I have interviewed many of the same people Woodward did (as well as some he did not) for a book I'm writing on the evolution of counterinsurgency in Iraq, and the broad contours of Woodward's account seem correct. Those arguing for the surge inside the National Security Council (individuals like Meghan O'Sullivan, Brett McGurk, Peter Feaver, and Brigadier General Kevin Bergner) and outside the White House (like retired General Jack Keane, General David Petraeus, and Lieutenant General Ray Odierno, who arrived as the Corps commander in Iraq in early December 2006) were in the minority. Against them stood most of the Joint Chiefs, General George Casey (the commander of all U.S. forces in Iraq), General John Abizaid (the head of Central Command), and the State Department. Casey in particular comes off poorly for sticking with the plan to "transition" responsibility to the Iraqis while the country was on fire.
But Bush is no hero in this tale either. The real story must take into account the following facts:
- For three-and-a-half years Bush neglected the war, letting Generals Ricardo Sanchez (the first U.S. commander in Iraq) and Casey run the war with little "interference" from the White House, insufficient monitoring to see if they were actually accomplishing their mission, and little accountability. We weren't winning in 2003. The president did nothing. We weren't winning in 2004. The president did nothing. We weren't winning in 2005. The president did nothing. For years, the decider made none of the necessary decisions to stop the war from sliding into failure.
- During the long, deadly summer of 2006, Bush dallied and refused to make a decision or level with the American people that the strategy was failing. For months after the February 2006 bombing of the Golden Mosque in Samarra plunged Iraq into chaos, Bush kept saying publicly that we were winning. We weren't and he knew it. (I was in Baghdad in July 2006 and it was painfully clear we were losing.) But for Bush to admit that we were losing, publicly, would have been political suicide given the upcoming Congressional elections. So the president stalled. He kept Defense Secretary Donald Rumsfeld in place and didn't change the strategy until January 2007. And the consequences of this presidential delay? Hundreds of dead Americans, tens of thousands of dead Iraqis, and hundreds of thousands of Iraqi citizens made homeless. Even if one believes the president made the right decision to order a surge, he didn't issue the order until January 2007, with the first surged troops arriving in February -- almost a full year after the Mosque bombing.

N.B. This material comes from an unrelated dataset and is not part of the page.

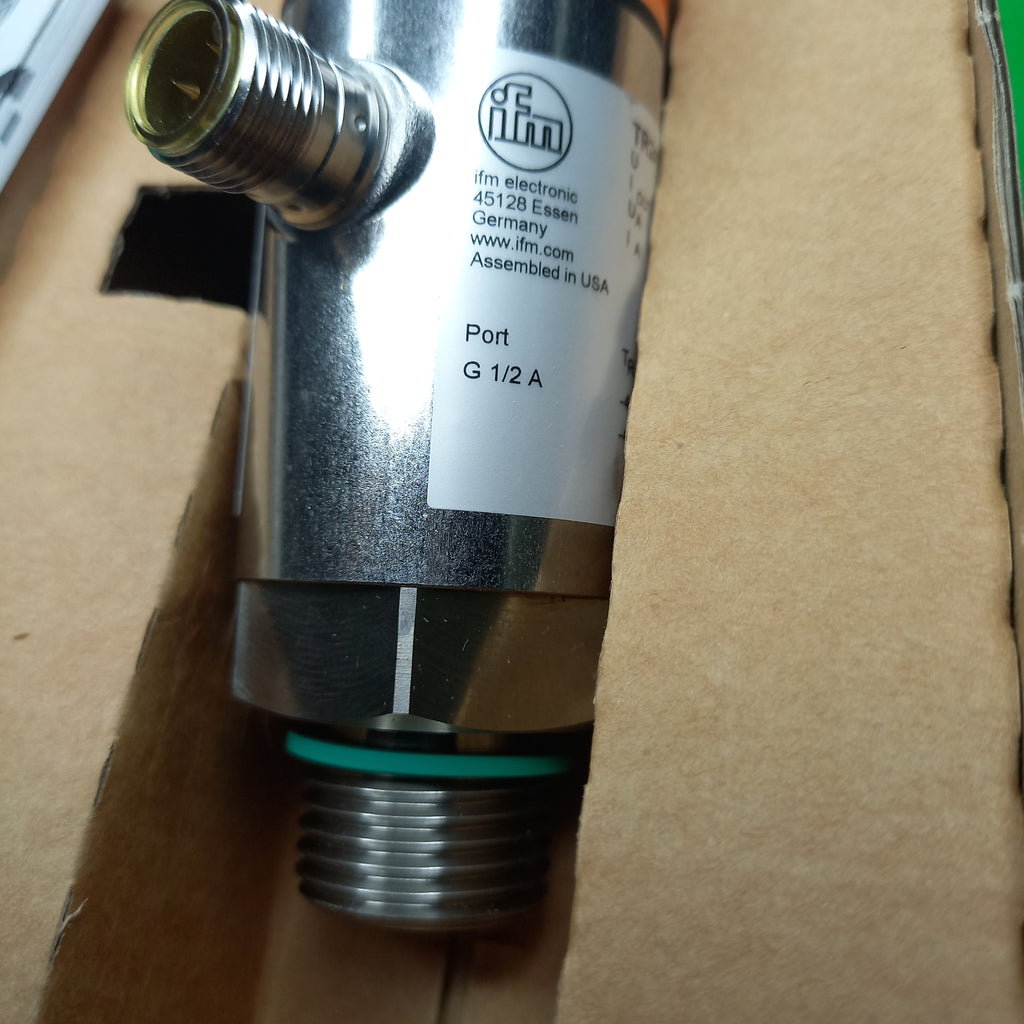 PN2671 - Pressure sensor shows specification sticker and connector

That's the real story, and it's hardly heroic.
And what of the decision itself? In the fall of 2006, reasonable and honorable people--including the Joint Chiefs of Staff, the bi-partisan Iraq Study Group, and many Democrats in Congress--could and did disagree about the desirability of the surge. Most intelligence analysts at the time thought Iraq's civil war was simply too far along to be decisively affected by a mere 20 percent increase in U.S. forces. Moreover, "doubling down" on Iraq through the surge carried huge risks and costs -- in terms of American blood and treasure in Iraq; enormous strains on the already overstretched Army and Marines; stripping our strategic military reserve, leaving us vulnerable if any other major contingency emerged around the globe; and continuing to starve Afghanistan (a war sliding downhill fast) of the troops and resources needed for success there.

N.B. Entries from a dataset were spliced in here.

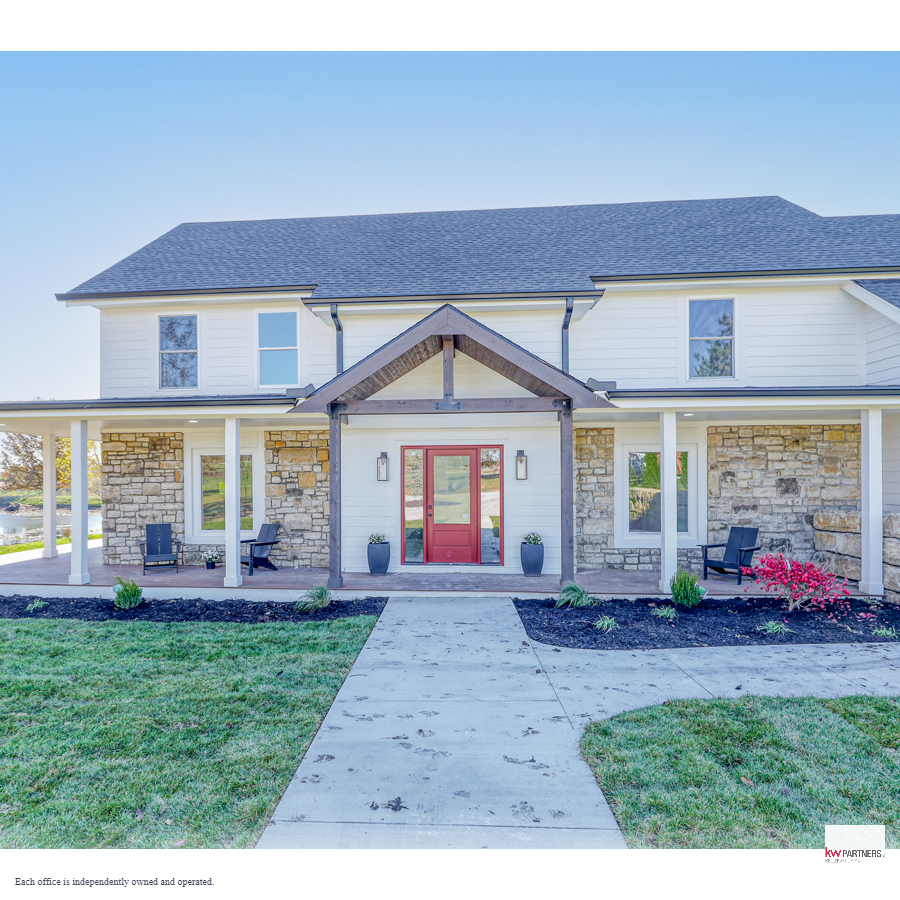 Open House Today, 2/6 Sun 1-3pm Completely renovated, GORGEOUS, 2 Story home on 15 scenic acres.   malinarealestate.kw.com/property/LST-6…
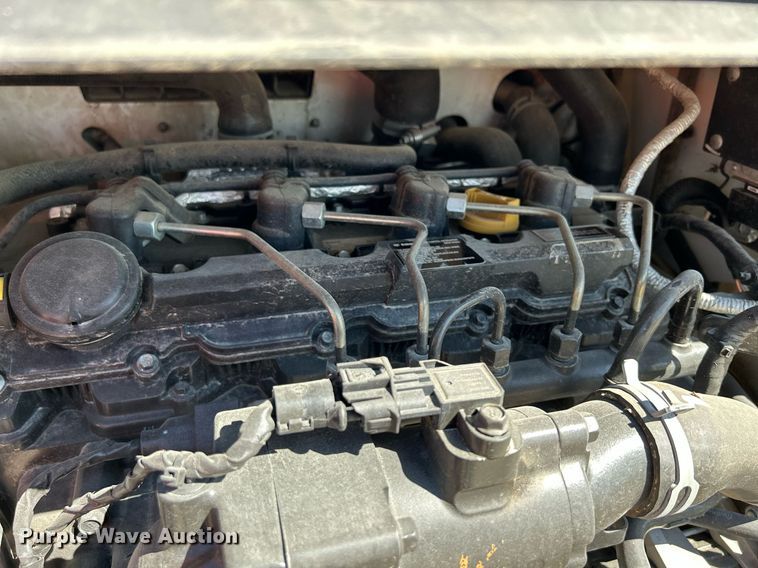 image for item DQ0917 2019 Bobcat S740  skid steer loader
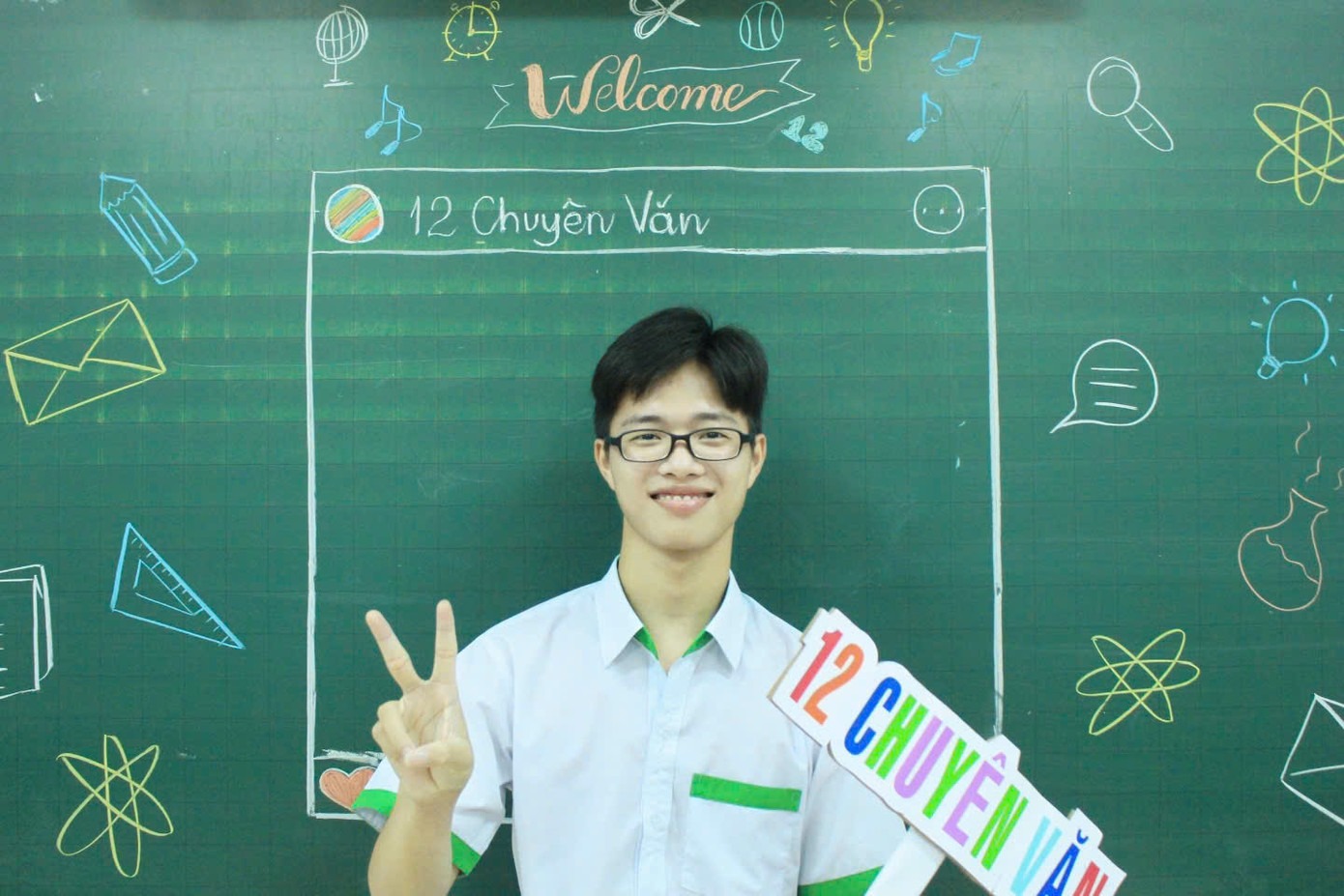 Bình luôn lạc quan vào cuộc sống và luôn vươn lên đạt thành tích cao trong học tập.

Depending on whether recent security gains in Iraq actually translate into lasting political reconciliation and stability, historians may look back and conclude that Bush made the right choice in January 2007. But when they look back at the Iraq war as a whole, and Bush's role in particular, they are not likely to be kind. The surge decision was not cost-free, and it in no way absolves Bush (or other cheerleaders for the war) of the responsibility (and, yes, the blame) for all the mistakes before the choice was made.

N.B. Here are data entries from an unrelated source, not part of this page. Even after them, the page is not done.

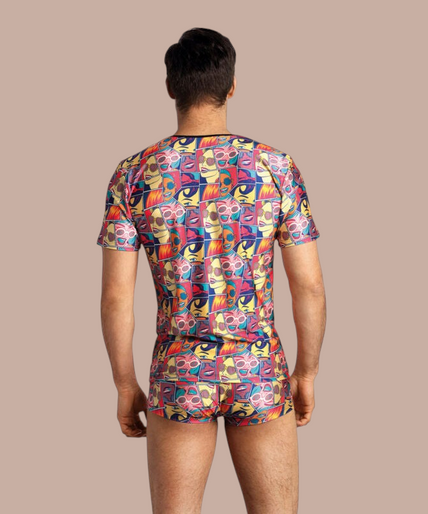 Anais Men – Comics T-Shirt S Pleasurements Anais Men Comics T-shirt met kleurrijke stripboekprint gedragen door een glimlachend model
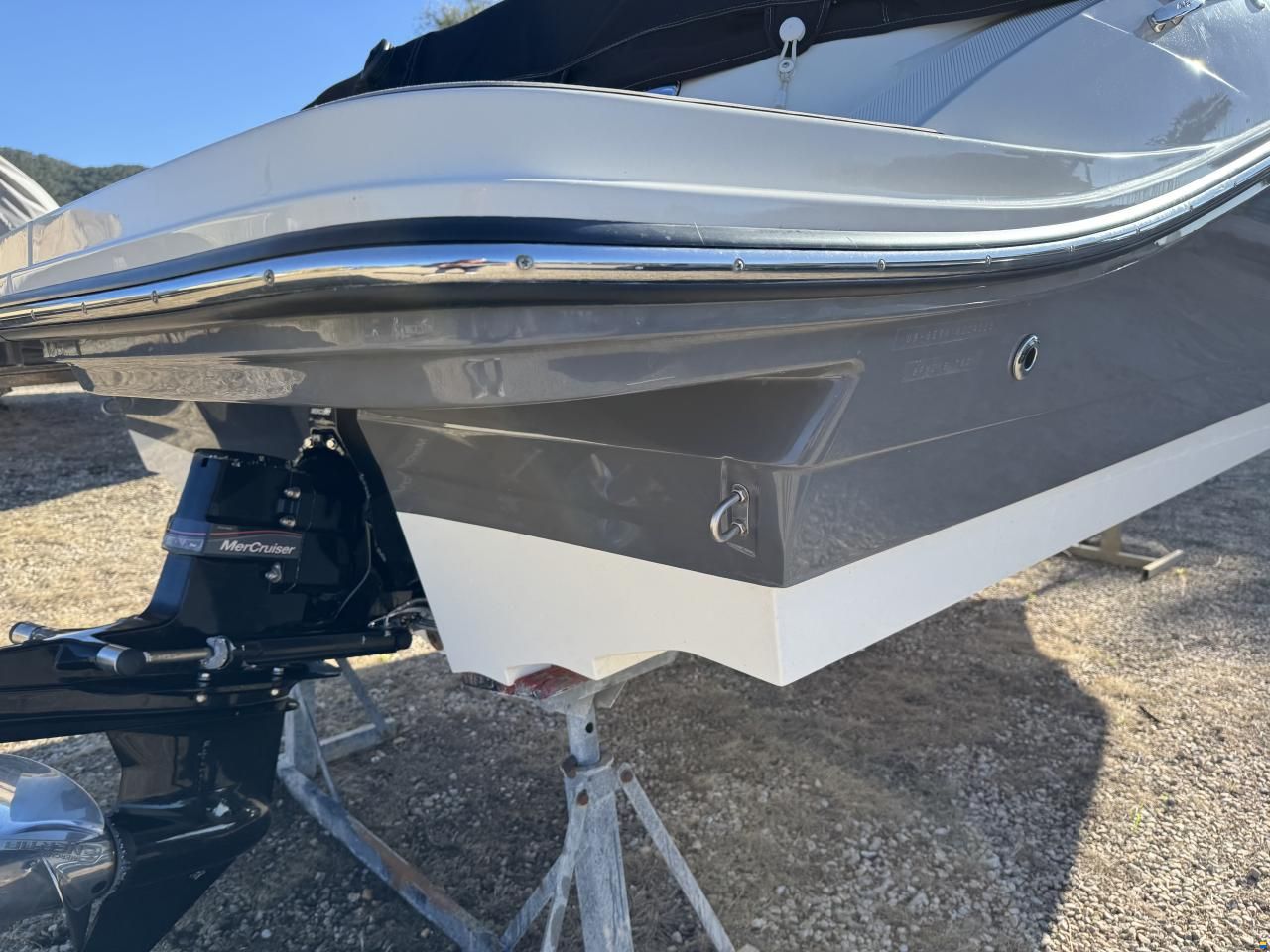 Sea Ray 210 SPXE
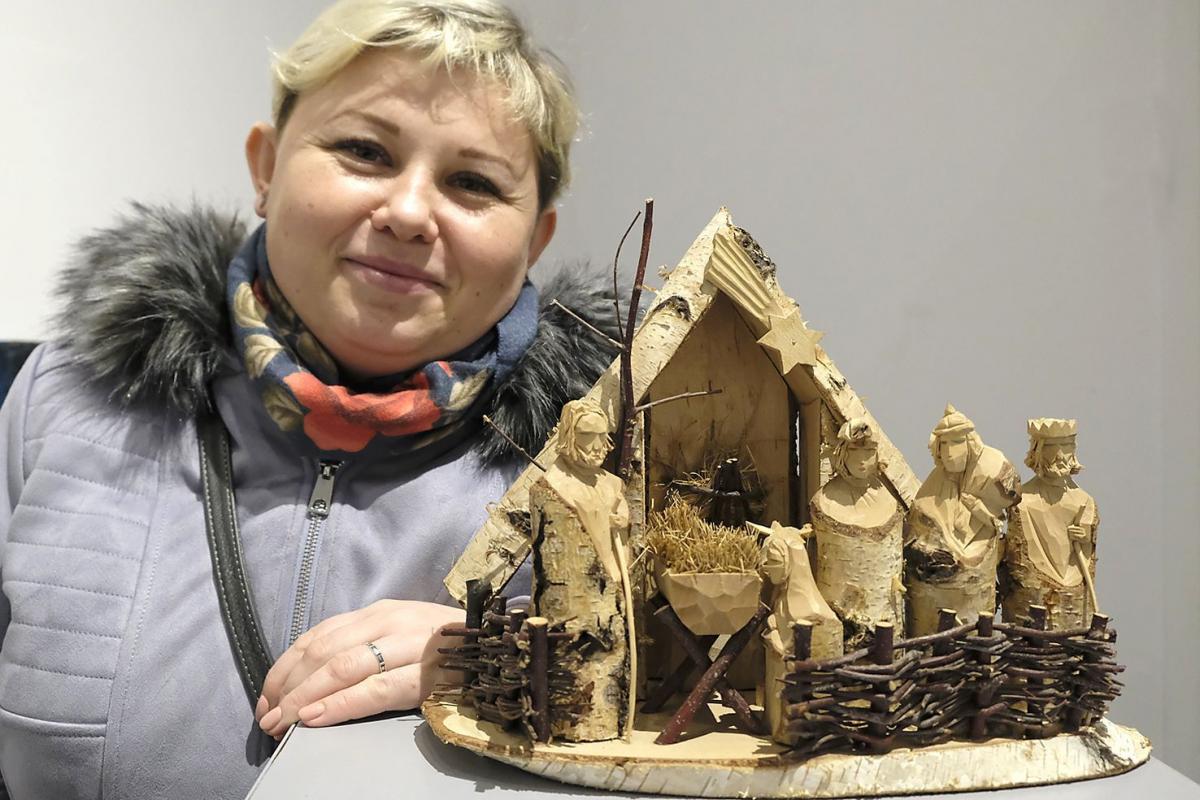 Natalia Sobel z Drohobyczki prezentuje szopkę wykonaną z drewna brzozowego, za którą dostała I nagrodę. <br/>fot.Jacek Szwic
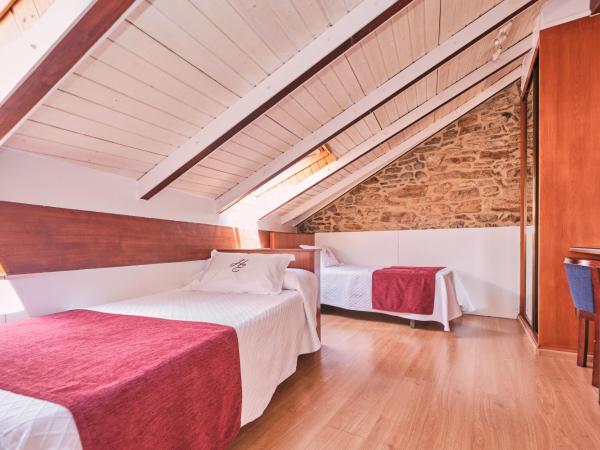 Hotel Entrecercas : photo 7 de la chambre chambre familiale classique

At best, if the legacy of the surge is judged a "success," it will simply mean that the change in strategy helped address the self-inflicted wounds to our national interests -- the emergence of Al Qaeda in Iraq, enhanced Iranian influence in Iraq, threats to regional stability, and a heartbreaking humanitarian crisis -- all created by the war itself. On balance, historians are likely to conclude that those who opposed the war to begin with -- and saw that it wouldn't make us safer -- showed the best judgment of all.